Task requirements
Print all of the records. Exclude the images.

** Task input follows **

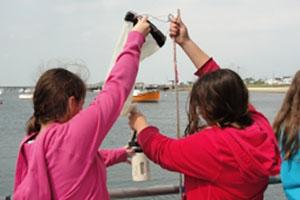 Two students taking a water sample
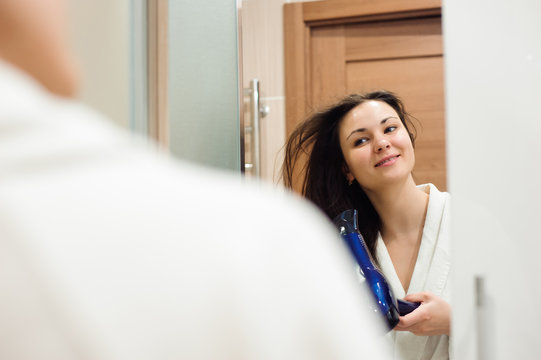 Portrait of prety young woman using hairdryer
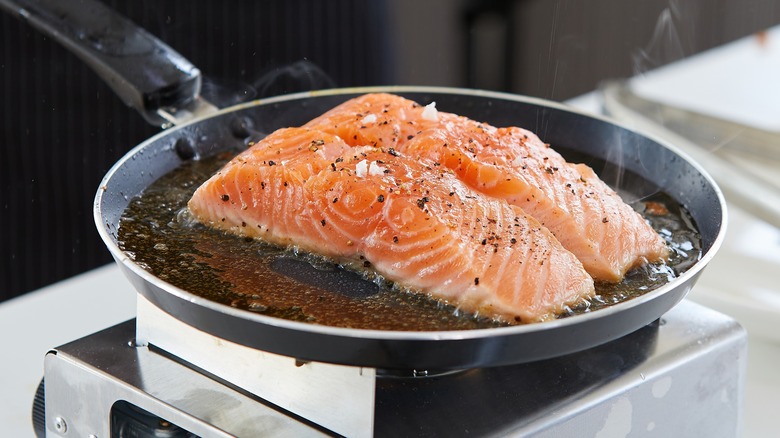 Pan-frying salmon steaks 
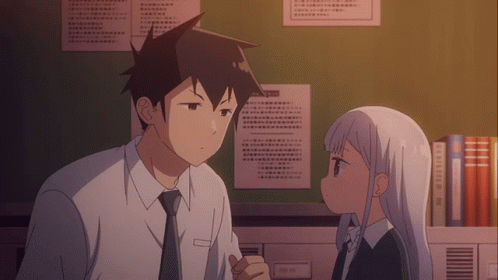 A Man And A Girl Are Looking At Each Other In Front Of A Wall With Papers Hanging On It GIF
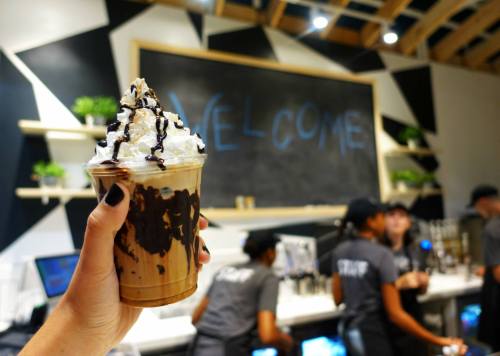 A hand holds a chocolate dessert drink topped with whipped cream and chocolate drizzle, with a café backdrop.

** End of Task input **

Response area
 Two students taking a water sample
 Portrait of prety young woman using hairdryer
 Pan-frying salmon steaks 
 A Man And A Girl Are Looking At Each Other In Front Of A Wall With Papers Hanging On It GIF
 A hand holds a chocolate dessert drink topped with whipped cream and chocolate drizzle, with a café backdrop.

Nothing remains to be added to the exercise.